しかし時は流れ、食べるものに困らなくなり、大家族で山盛りのニシン漬を食べる習慣もうすれていき、ニシン漬をつくる家はごくわずかになってしまった。そして「札幌大球」も市場に出回ることがほとんどなくなった。留萌市(るもいし)から、昔ながらのニシン漬がすたれていく様子に危機感を感じる人もいた。
そこで、伝統のニシン漬を製造して販売しようと一軒の青果店が決意。「亡くなった祖母がニシン漬の名人だった」という。15年もかけて、理想とする製法と味を生み出した。
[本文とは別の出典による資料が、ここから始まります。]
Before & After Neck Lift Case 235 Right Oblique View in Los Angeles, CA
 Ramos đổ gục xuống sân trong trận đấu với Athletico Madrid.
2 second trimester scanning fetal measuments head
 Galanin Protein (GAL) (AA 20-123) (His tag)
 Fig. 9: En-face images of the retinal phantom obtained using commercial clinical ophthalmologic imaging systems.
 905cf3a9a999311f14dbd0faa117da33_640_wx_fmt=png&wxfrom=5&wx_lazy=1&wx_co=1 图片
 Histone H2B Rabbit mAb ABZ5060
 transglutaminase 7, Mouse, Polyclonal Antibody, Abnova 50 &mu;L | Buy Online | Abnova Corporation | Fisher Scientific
ニシン漬の作り方はシンプルだ。大根を干すか塩漬けして、ニシンの干物(身欠きニシン)を米のとぎ汁で戻せば、あとはほかの材料と漬け込むだけ。ぬか漬のように中をかきまわすこともしない。冷凍すれば、長く保存することもできる。
ニシン漬のレシピ
[ 材料 ]約10kg分(20Lの樽使用の場合)
・キャベツ 7kg(通常サイズ7玉程度)
・干し大根(または塩漬け大根) 3kg(3本程度)
・塩、米麹、ザラメ 各260g(キャベツ・大根の総分量に対し2.6%)
・人参 1~2本
・身欠きニシン(本乾) 500g
・鷹の爪 適量
※量的に多すぎる場合は、キャベツ2個・大根1本として、塩・米麹・ザラメ各大さじ3杯弱を目安に
※塩漬け大根の場合は、塩のみキャベツの分量に対し2.6%
【1】
キャベツは芯を取って大きめにザク切りにし、バラバラにせず、水を通すように洗う
【2】
大根は外に干した方が甘みを増すが、干せない場合は、塩漬けにして水分が抜けたものを乱切りにする
【3】
米のとぎ汁で1~2日戻しておいた身欠きニシンを一口大に切る。ウロコのほとんどは包丁で取り除くが、最後の身の手前は少しだけ残しておく
【4】
樽にキャベツ、大根、身欠きニシン、人参、調味料の順に詰めて重しをする。初日は常温に置いて発酵を促し、翌日から冷蔵庫に保存。水が出てきたら少しずつ重しを軽くしていくとよい。3週間ほどで食べられるようになる
■ニシン漁で栄えた留萌。北海道では明治の終わりからニシンが豊富に獲れ、留萌沿岸から小樽・余市にかけてはニシン御殿が建つほど隆盛をきわめた。